** Exercise directions **
Your reply should consist solely of the lines from the start of the material below through the line containing "Seealle Touch Table", reproduced exactly.

** Data for this task **
┌────────
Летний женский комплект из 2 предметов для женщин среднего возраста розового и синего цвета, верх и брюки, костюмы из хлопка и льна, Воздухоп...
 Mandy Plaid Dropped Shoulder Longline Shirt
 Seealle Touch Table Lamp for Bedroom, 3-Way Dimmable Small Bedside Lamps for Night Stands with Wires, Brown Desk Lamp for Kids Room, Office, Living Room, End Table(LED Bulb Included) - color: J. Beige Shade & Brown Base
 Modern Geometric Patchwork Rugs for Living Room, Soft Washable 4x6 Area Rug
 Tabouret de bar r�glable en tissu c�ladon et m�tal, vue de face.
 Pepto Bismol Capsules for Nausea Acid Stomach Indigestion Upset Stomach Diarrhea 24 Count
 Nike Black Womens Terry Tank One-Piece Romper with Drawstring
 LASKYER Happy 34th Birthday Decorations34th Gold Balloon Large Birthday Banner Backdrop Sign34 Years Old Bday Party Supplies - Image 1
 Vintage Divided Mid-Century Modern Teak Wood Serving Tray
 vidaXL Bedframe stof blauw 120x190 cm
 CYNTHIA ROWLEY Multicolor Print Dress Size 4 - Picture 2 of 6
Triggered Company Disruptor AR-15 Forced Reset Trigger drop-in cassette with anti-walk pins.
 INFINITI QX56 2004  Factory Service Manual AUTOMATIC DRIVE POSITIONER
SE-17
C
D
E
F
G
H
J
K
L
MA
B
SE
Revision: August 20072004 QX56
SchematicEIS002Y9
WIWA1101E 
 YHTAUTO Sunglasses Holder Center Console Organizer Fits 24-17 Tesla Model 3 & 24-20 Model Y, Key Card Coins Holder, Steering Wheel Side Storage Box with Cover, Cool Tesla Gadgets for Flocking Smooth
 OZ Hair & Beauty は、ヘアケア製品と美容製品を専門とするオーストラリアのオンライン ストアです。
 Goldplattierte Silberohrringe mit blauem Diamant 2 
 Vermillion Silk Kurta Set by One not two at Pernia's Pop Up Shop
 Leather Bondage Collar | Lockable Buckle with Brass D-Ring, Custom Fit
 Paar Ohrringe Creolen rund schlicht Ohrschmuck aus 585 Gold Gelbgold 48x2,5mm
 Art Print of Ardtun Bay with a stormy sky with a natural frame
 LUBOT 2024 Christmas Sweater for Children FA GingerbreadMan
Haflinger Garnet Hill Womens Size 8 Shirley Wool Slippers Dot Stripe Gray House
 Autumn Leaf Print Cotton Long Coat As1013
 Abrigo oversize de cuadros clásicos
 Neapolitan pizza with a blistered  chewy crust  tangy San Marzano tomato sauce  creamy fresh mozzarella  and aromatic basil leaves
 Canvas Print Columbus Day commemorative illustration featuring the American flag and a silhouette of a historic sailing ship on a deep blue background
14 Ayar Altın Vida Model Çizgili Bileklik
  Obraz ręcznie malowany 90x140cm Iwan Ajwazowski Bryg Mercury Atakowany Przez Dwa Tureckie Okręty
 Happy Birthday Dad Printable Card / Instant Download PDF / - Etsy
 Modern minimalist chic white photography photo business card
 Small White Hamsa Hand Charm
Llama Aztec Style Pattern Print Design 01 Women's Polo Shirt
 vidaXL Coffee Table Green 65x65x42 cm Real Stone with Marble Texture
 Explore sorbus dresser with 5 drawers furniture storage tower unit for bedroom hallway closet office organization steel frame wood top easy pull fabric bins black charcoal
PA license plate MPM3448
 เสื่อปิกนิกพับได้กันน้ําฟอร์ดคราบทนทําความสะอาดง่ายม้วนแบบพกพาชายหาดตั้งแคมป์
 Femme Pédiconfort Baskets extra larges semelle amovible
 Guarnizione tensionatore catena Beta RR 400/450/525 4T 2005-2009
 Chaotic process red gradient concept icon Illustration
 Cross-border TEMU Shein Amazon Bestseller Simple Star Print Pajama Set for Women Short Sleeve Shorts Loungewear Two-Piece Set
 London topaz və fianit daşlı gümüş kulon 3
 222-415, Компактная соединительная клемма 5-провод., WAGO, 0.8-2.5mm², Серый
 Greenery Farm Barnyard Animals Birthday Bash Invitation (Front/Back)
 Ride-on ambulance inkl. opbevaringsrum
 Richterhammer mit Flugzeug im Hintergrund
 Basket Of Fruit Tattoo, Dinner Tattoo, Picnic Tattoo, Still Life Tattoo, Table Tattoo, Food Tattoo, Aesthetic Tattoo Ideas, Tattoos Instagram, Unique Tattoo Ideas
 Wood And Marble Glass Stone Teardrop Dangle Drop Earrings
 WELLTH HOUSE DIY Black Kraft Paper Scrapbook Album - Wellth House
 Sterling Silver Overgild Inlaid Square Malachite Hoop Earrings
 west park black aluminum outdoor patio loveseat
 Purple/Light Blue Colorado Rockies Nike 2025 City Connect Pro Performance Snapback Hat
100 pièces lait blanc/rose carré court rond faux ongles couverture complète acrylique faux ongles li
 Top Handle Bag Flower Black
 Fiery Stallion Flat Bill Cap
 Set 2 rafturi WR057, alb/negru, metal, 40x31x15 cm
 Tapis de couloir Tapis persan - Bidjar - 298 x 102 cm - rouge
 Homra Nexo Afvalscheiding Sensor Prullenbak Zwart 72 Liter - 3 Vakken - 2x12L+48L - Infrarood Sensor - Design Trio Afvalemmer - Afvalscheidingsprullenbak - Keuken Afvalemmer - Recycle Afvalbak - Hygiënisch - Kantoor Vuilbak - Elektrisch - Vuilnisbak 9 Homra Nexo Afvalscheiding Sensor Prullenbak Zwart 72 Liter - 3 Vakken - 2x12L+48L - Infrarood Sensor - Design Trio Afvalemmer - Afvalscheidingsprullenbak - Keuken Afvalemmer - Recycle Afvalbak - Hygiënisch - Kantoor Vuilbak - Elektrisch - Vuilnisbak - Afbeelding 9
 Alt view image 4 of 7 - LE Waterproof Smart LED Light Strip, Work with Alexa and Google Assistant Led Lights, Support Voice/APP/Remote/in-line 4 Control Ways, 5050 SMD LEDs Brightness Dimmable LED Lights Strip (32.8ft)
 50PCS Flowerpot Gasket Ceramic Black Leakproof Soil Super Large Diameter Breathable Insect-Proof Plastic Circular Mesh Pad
└────────
** Exercise solution **
Летний женский комплект из 2 предметов для женщин среднего возраста розового и синего цвета, верх и брюки, костюмы из хлопка и льна, Воздухоп...
 Mandy Plaid Dropped Shoulder Longline Shirt
 Seealle Touch Table Lamp for Bedroom, 3-Way Dimmable Small Bedside Lamps for Night Stands with Wires, Brown Desk Lamp for Kids Room, Office, Living Room, End Table(LED Bulb Included) - color: J. Beige Shade & Brown Base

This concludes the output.